- ABOUT THIS EXERCISE: I would like the lines below, from the one with "French President Emmanuel" through the one with "Lance Franklin runs", copied exactly and without any pictures.

Extracted records
┌──

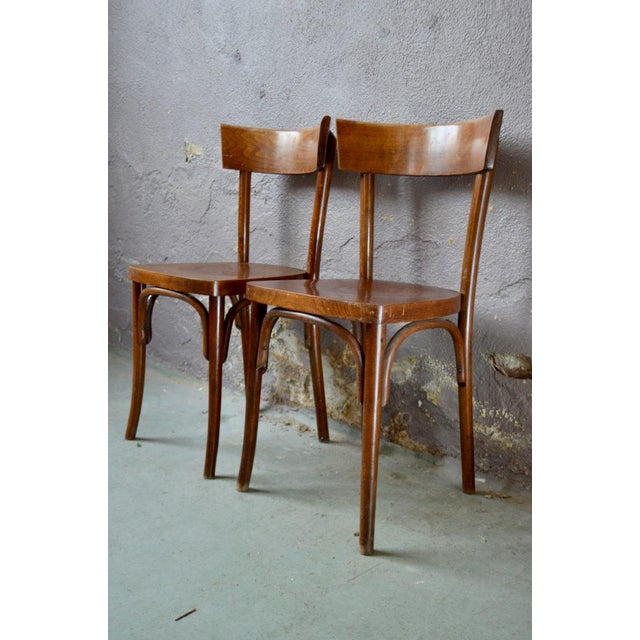 Simple but timeless lines, and deep, very patinated wood, here is a pair of vintage bistro chairs. They will easily...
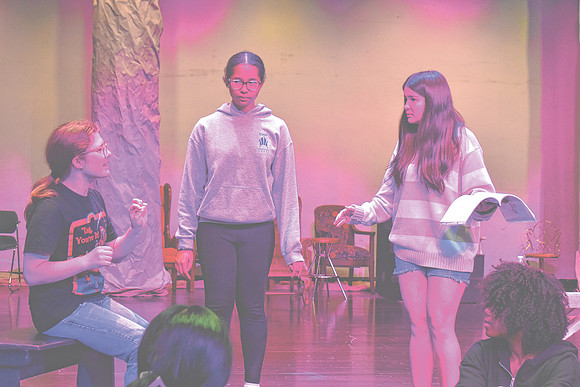 Nicky Sergi, who is portraying Alice in Greenwood's production of "Alice in Wonderland," at center, rehearses with other cast members, Wednesday, Oct. 23, 2024, at Greenwood Community High School in G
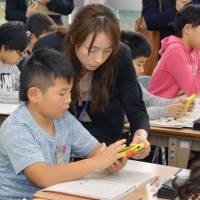 Pupils at the Kitagata Elementary School in Takeo, Saga Prefecture, use tablet computers in class in December 2015. Japan's schools embracing tablets but inadequate support and security remain concerns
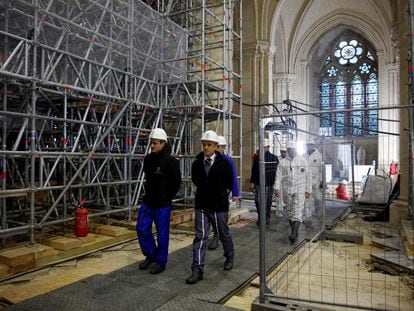 French President Emmanuel Macron (right) views the reconstruction of Notre Dame Cathedral, with the controversial stained glass windows in the background; December 8, 2023.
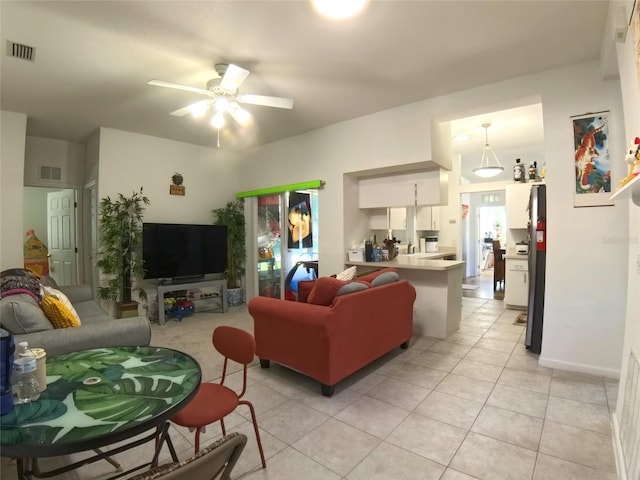 5340 NW 26th Ln, Ocala, FL 34482 - living area with ceiling fan and light tile patterned floors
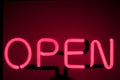 Lively Nights: Neon \'Open\' Sign Illuminating the Bar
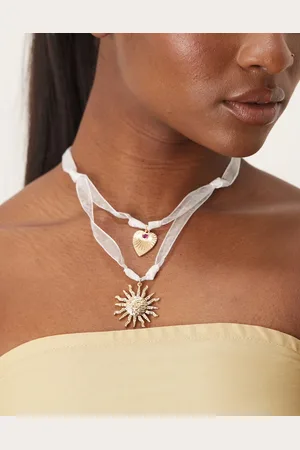 ASOS – Schleifenband-Halskette mit Sonnenanhänger in Goldoptik
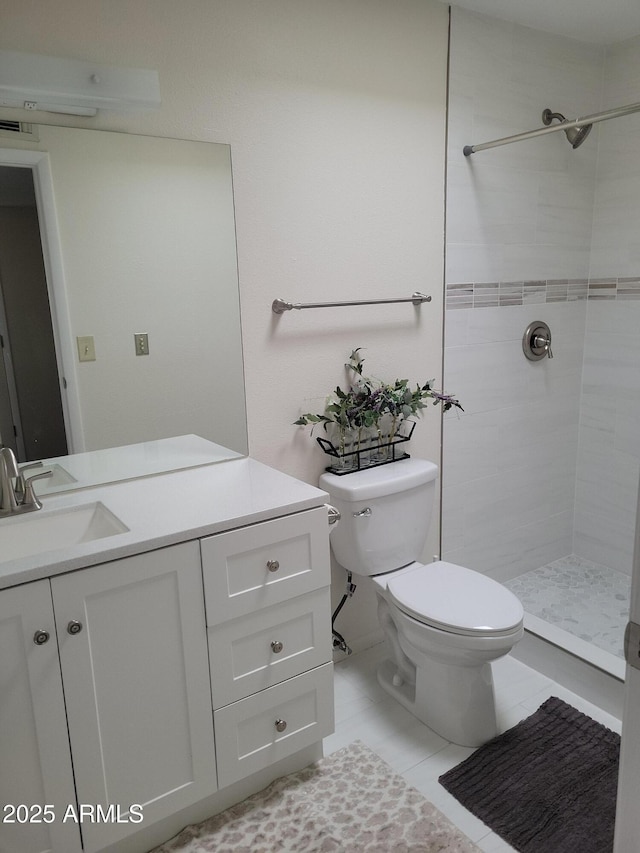 bathroom featuring vanity, tile patterned flooring, toilet, and tiled shower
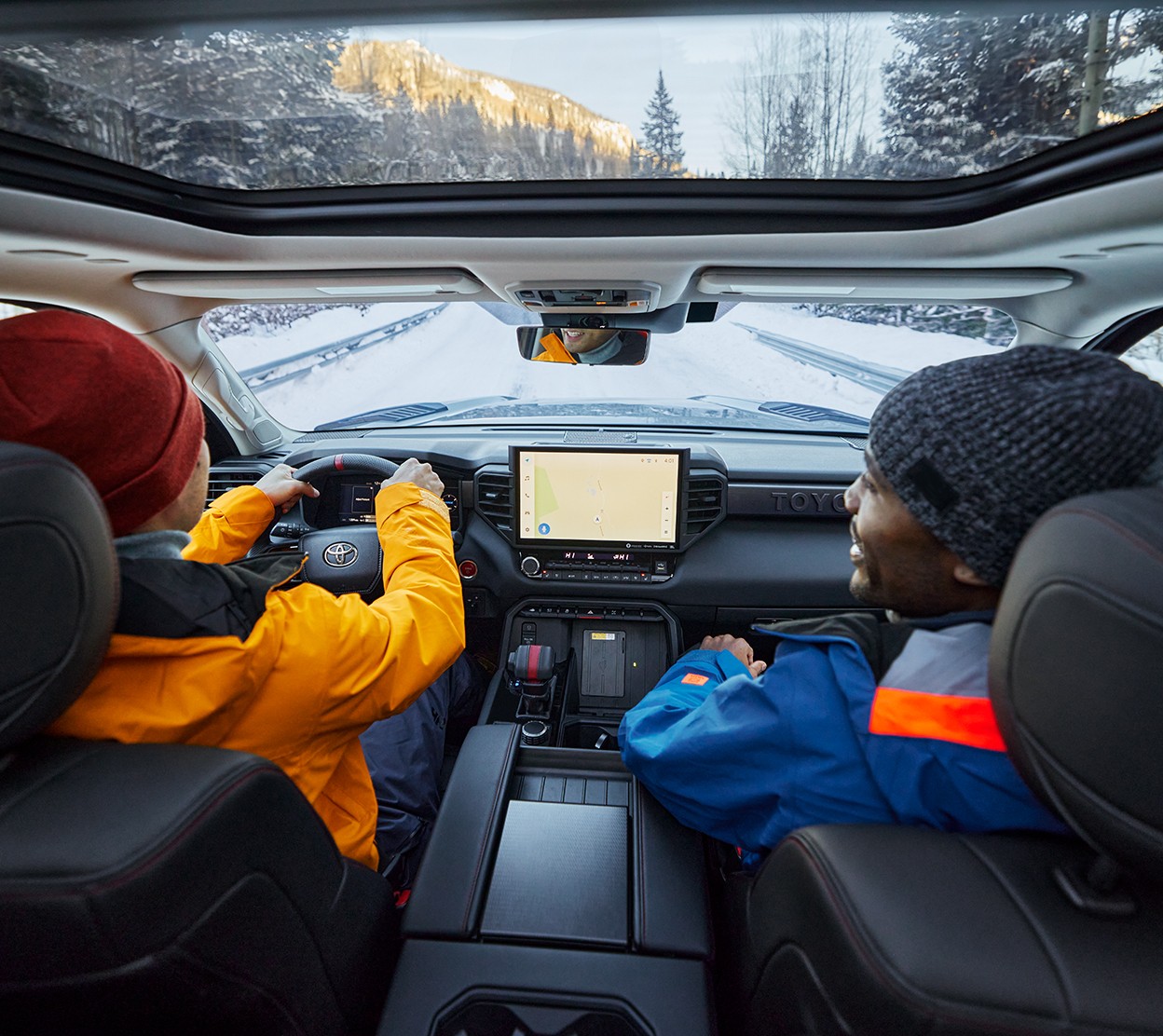 Inside a Toyota vehicle, a couple wearing bright clothing drives down a snowy road. The man smiles towards the driver and through the windshield and moonroof we see a snowy forest.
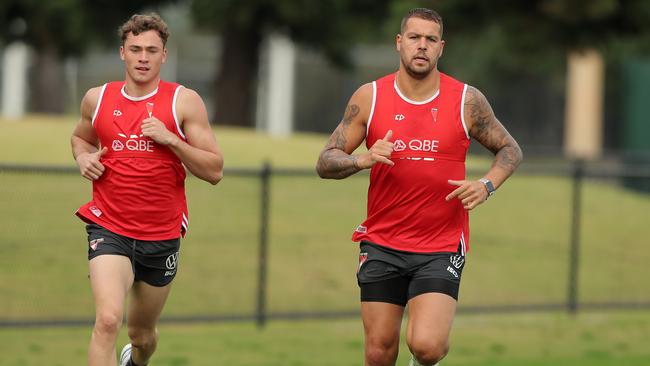 Lance Franklin runs laps with Will Hayward. Picture: Getty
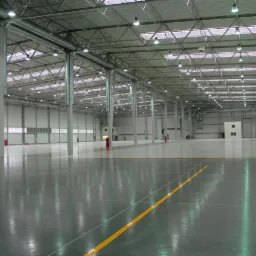 Wnętrze nowej, przestronnej hali z szarą, połyskującą posadzką, widocznymi żółtymi liniami, stalową konstrukcją dachu i licznymi lampami.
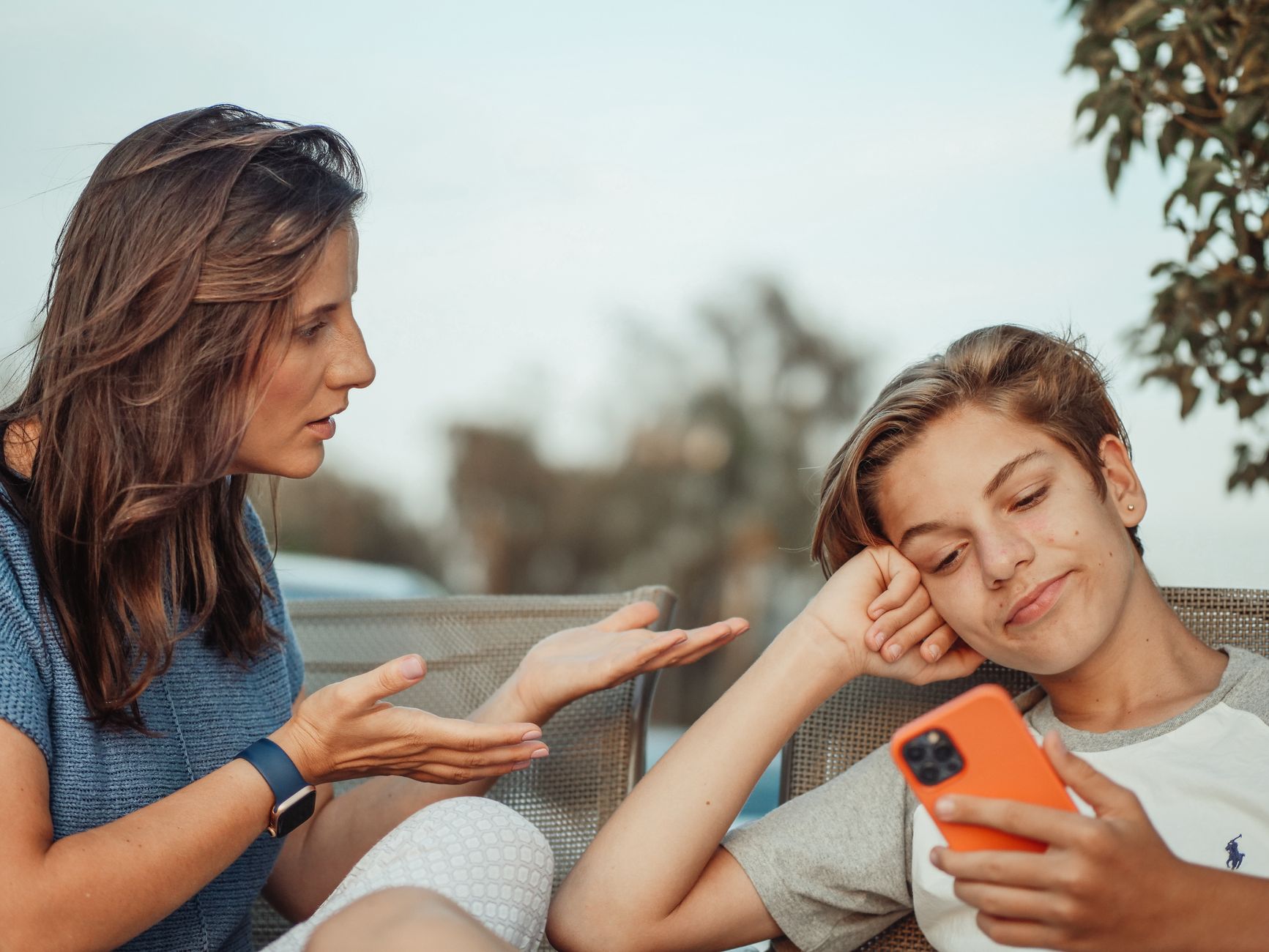 Parent and child discussing digital allowance on a smartphone.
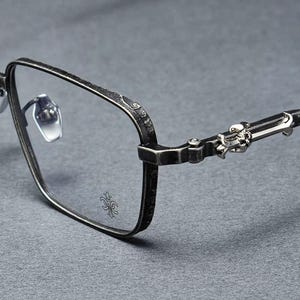 Puede incluir: Primer plano de gafas con montura metálica oscura. Las gafas tienen forma cuadrada con adornos decorativos en las patillas y bisagras. Las lentes son transparentes y el diseño general tiene una estética vintage o gótica.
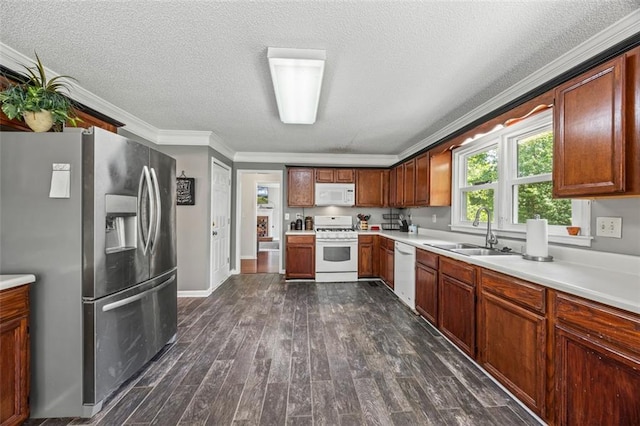 2196 Kildare Way NW, Kennesaw, GA 30152 - kitchen featuring white appliances, a sink, a textured ceiling, light countertops, and dark wood-style flooring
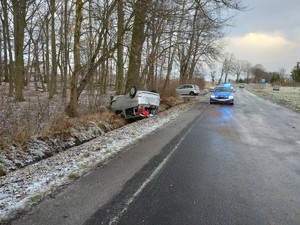 pojazd toyota znajdujący się w rowie, leży na dachu, obok radiowóz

└──

- ANSWER FOR THE TASK:
 French President Emmanuel Macron (right) views the reconstruction of Notre Dame Cathedral, with the controversial stained glass windows in the background; December 8, 2023.
 5340 NW 26th Ln, Ocala, FL 34482 - living area with ceiling fan and light tile patterned floors
 Lively Nights: Neon \'Open\' Sign Illuminating the Bar
 ASOS – Schleifenband-Halskette mit Sonnenanhänger in Goldoptik
 bathroom featuring vanity, tile patterned flooring, toilet, and tiled shower
 Inside a Toyota vehicle, a couple wearing bright clothing drives down a snowy road. The man smiles towards the driver and through the windshield and moonroof we see a snowy forest.
 Lance Franklin runs laps with Will Hayward. Picture: Getty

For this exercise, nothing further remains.